Chris Gray, chief executive of property management and advisory company Your Empire, said higher costs of renovation and a soft real estate market can see gains massively eroded.

“Most people think that the more money they put into it, the more money they are going to make,” he told Today Tonight.

“The biggest trap for most people is it takes twice the amount of time, twice the amount of budget, and the quality is not very good, and they think it’s as easy as the TV shows say and as easy as the magazines – and it’s not.”

Another costly mistake made by home renovators is failing to get council approval before making structural additions to a home, research shows. Not only is this illegal, but building without approval can be unsafe.

“We see disaster stories, and they usually revolve around people not having a good understanding of the project ahead of them,” said David Hallett from Archicentre.

“We inspect a lot of homes for home buyers, and we find illegal building work of some sort or another in 25 to 30 percent of the homes we inspect,” he told Today Tonight.

You can turn your home into a money-making machine by buying and renovating.
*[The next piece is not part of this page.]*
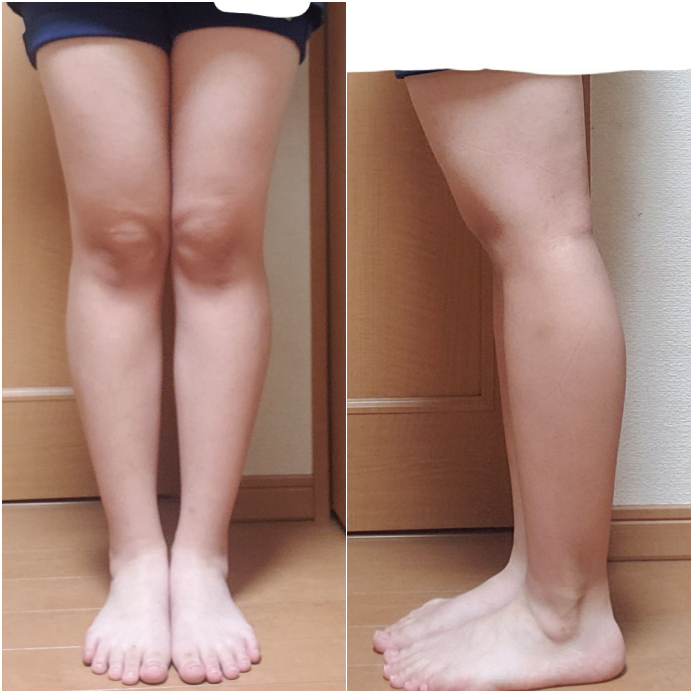 高3女子です。 - 今まで足が太いことがコンプレックスで足を隠すワイド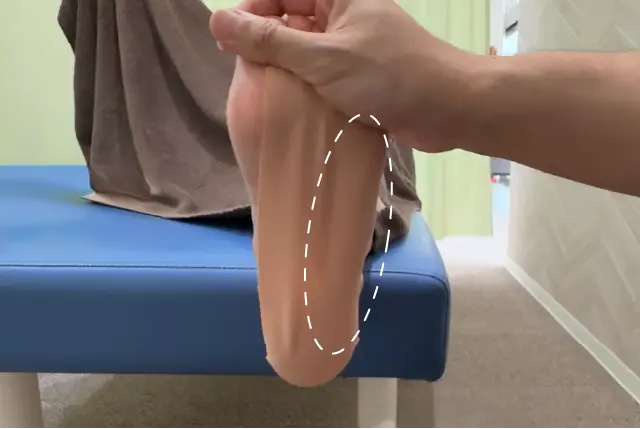キネシオを使ったシンスプリントのテーピング①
Whether grooming for sale or just improving the place for you to live in, there are simple ways to inject real value into your home.

McGrath recommends focusing renovations on areas and rooms that generally add the most value, including the living spaces, kitchen areas and bathrooms.

“If you get these right you can invest $100,000 and double the value in weeks. Get it wrong and you can end up losing money on the process,” he said.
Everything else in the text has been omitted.